Berikut adalah penjelasan lebih rinci mengenai bagaimana cerita pengguna digunakan dalam pengembangan Agile:
- Membuat Backlog Produk: Backlog produk adalah daftar yang diurutkan berdasarkan prioritas dari fitur atau persyaratan yang akan dikerjakan oleh tim pengembangan selama proyek. Backlog produk biasanya dibuat pada awal proyek dan terus berkembang seiring penambahan cerita pengguna baru dan penghapusan atau modifikasi cerita lama. Cerita pengguna merupakan masukan utama dalam pembuatan backlog produk, karena memberikan pemahaman yang jelas mengenai fitur dan persyaratan yang dibutuhkan oleh pengguna atau pelanggan.
- Memrioritaskan Cerita Pengguna: Setelah backlog produk dibuat, tim perlu memprioritaskan cerita pengguna berdasarkan pentingnya bagi pengguna atau pelanggan, serta nilai yang mereka tambahkan terhadap proyek. Tim dapat menggunakan berbagai metode, seperti prioritas MoSCoW atau prioritas berbasis nilai, untuk memprioritaskan cerita pengguna. Prioritas membantu tim untuk fokus pada cerita pengguna yang paling penting dan memastikan bahwa mereka bekerja pada fitur yang memberikan nilai terbesar bagi pengguna atau pelanggan.
- Perencanaan Sprint: Selama perencanaan sprint, tim memilih sejumlah cerita pengguna dari backlog produk yang akan mereka kerjakan selama sprint. Tim mempertimbangkan prioritas cerita pengguna, kompleksitasnya, dan kapasitas tim untuk menentukan cerita mana yang dapat diselesaikan selama sprint. Tim memecah cerita pengguna menjadi tugas-tugas kecil dan memperkirakan usaha yang dibutuhkan untuk menyelesaikan setiap tugas. Perencanaan sprint memastikan bahwa tim memiliki pemahaman yang jelas tentang apa yang perlu dicapai selama sprint dan bagaimana mereka akan mencapainya.
- Pelaksanaan Sprint: Selama sprint, tim bekerja untuk menyelesaikan cerita pengguna yang dipilih selama perencanaan sprint.
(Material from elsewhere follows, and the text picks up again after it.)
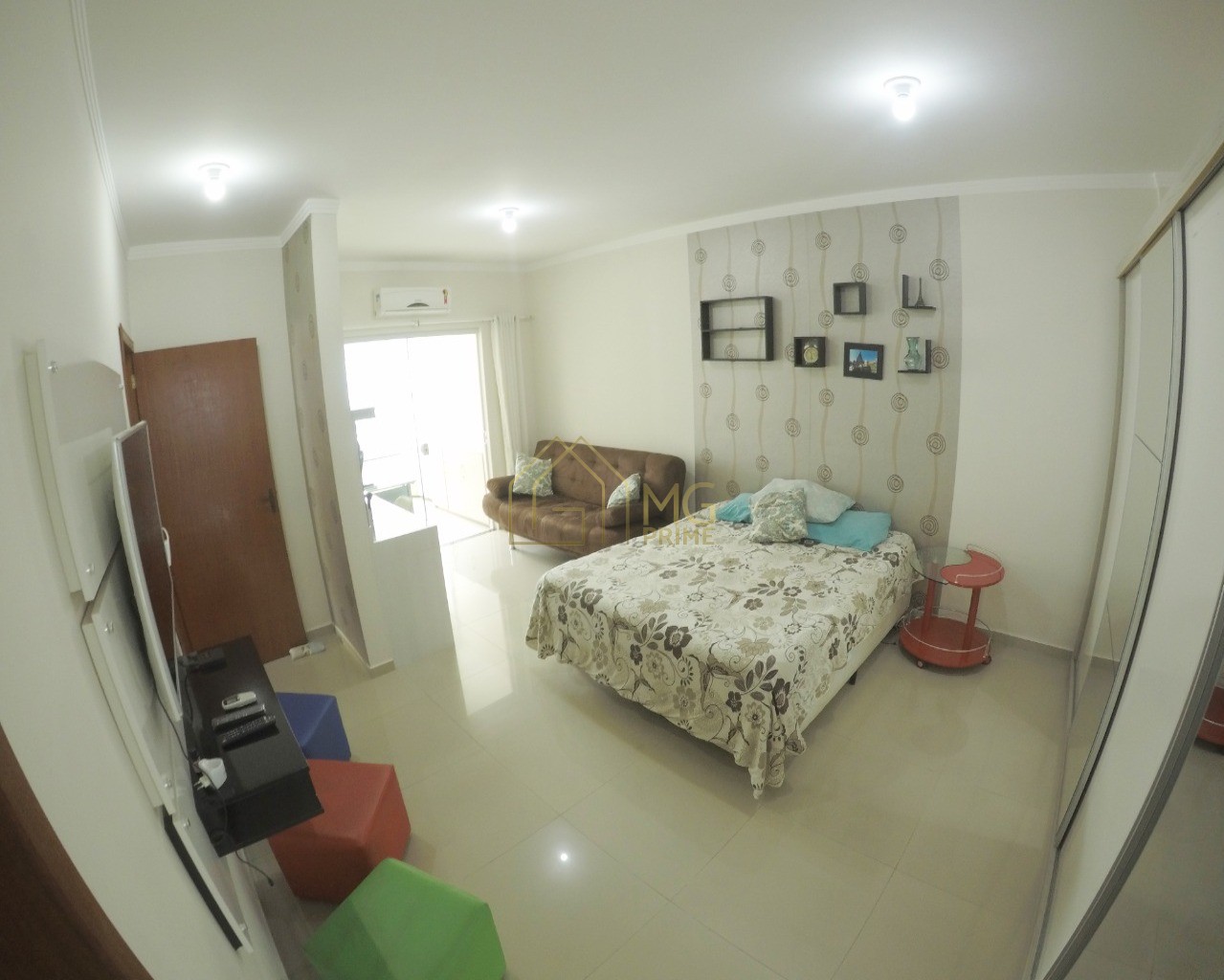 Cobertura à venda com 3 quartos, 165m² - Foto 7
Tim bekerja dalam iterasi singkat, biasanya dua hingga empat minggu, untuk menghasilkan perangkat lunak yang berfungsi secara bertahap. Setiap hari, tim mengadakan rapat stand-up harian untuk meninjau kemajuan, mengidentifikasi masalah, dan merencanakan pekerjaan untuk hari itu. Tim menggunakan cerita pengguna sebagai panduan dalam pekerjaan mereka dan berfokus menyelesaikan setiap cerita sebelum beralih ke cerita berikutnya.
- Ulasan Sprint: Pada akhir sprint, tim mengadakan ulasan sprint untuk menunjukkan perangkat lunak yang berfungsi kepada pemangku kepentingan dan mendapatkan umpan balik mereka. Tim memamerkan cerita pengguna yang telah mereka selesaikan selama sprint dan membahas masalah atau tantangan yang mereka hadapi. Ulasan sprint membantu tim memastikan bahwa mereka sedang membangun produk yang tepat dan mendapatkan umpan balik dari pemangku kepentingan untuk membimbing pekerjaan di masa depan.
- Refleksi Sprint: Setelah ulasan sprint, tim mengadakan refleksi sprint untuk merefleksikan sprint dan mengidentifikasi peluang perbaikan. Tim membahas apa yang berjalan baik selama sprint, apa yang tidak berjalan baik, dan apa yang dapat mereka lakukan untuk memperbaiki pada sprint berikutnya. Tim menggunakan cerita pengguna sebagai acuan untuk mengidentifikasi area di mana mereka dapat memperbaiki proses atau produk.
Ringkasan
cerita pengguna merupakan aspek mendasar dalam pengembangan Agile, karena memberikan kerangka untuk memahami dan memprioritaskan kebutuhan pengguna dan pelanggan. Dengan membuat cerita yang jelas dan dapat diambil tindakan dengan kriteria penerimaan yang spesifik, serta memprioritaskannya berdasarkan nilai, tim dapat merencanakan dan melaksanakan sprint secara efektif yang menghasilkan nilai bagi pengguna akhir. Penting untuk dicatat bahwa cerita pengguna tidak bersifat statis dan akan berkembang sepanjang proyek, seiring terkumpulnya informasi baru dan perubahan prioritas. Kuncinya adalah secara terus-menerus meninjau dan menyempurnakan backlog produk agar tim dapat menghadirkan fitur yang tepat pada waktu yang tepat. Dengan backlog produk yang jelas dan tim yang kolaboratif, cerita pengguna dapat menjadi alat yang kuat untuk membangun perangkat lunak yang memenuhi kebutuhan pengguna dan pelanggan.